Slavery in Maine

Bill of lading for slave, 1719

Bill of lading for slave, 1719
Item 7372   info
Maine Historical Society

The document records a "Negro woman" who was being transported to be sold as an enslaved person to William Pepperrell for 50 shillings. The document noted the woman was, "markd with a Y on ye right sholder." Captain John Morris of the ship Sarah created the bill of lading, dated April 1719, from Barbados.

Some sources suggest that this person died shortly after arriving and others Bullard attempted to import from Barbados did not survive the passage, either.

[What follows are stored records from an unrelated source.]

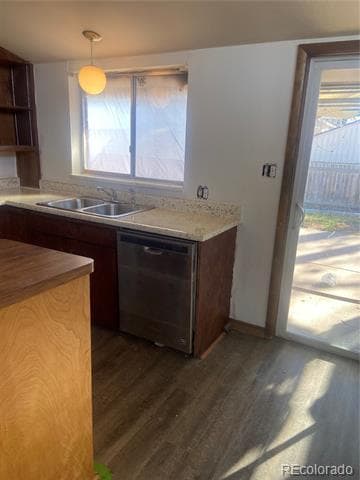 Building Photo - 2205 S High St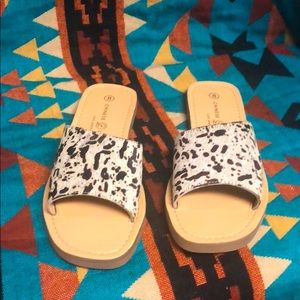 Chinese Laundry Cow Hideon Moonshine Sandals 7.5 8
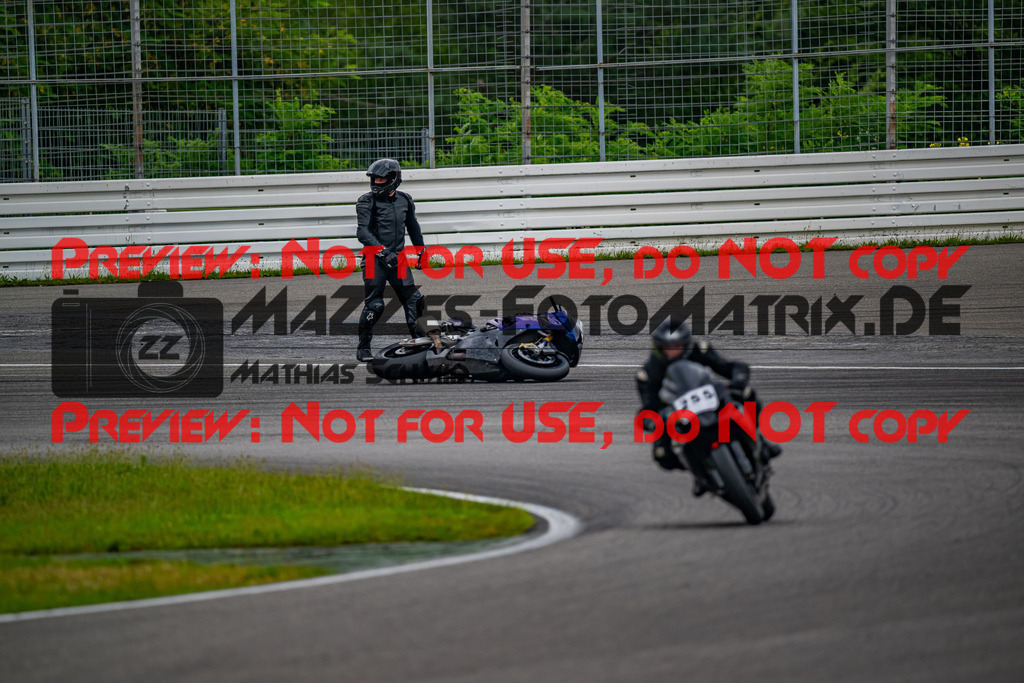 MaZZes_FotoMatrix_240701_6007705_4779 | GELB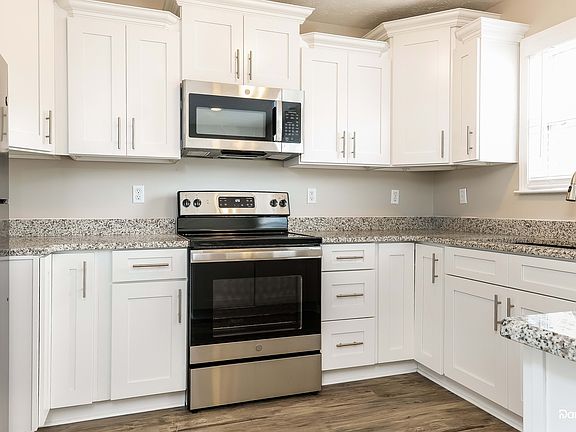 2nd image of 133 Cimmaron Dr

William Pepperrell (1696–1759) of Kittery was a merchant, military officer, Governor of Massachusetts, and the most prolific slave owner in Maine. He bought and sold slaves throughout his life and left four slaves to his wife in his will. In 1705 William Pepperrell advertised in the Boston News-Letter about a runaway slave,
…named Peter, aged about 20, speaks good English, of pretty brown Complexion, middle Stature, has'on a mixt gray home-spun Coat, white home spun Jacket and Breeches, French fall Shoes, fad coloured Stockings, or a mixt worsted pair, and a Black Hat. Whosoever shall take up said Negro, and bring or convey him safe to his said master, or secure him and send notice of him either to his Master, or to Andrew Belcher Esqr. at Boston, shall be well rewarded for his pains, and all reasonable charges paid besides.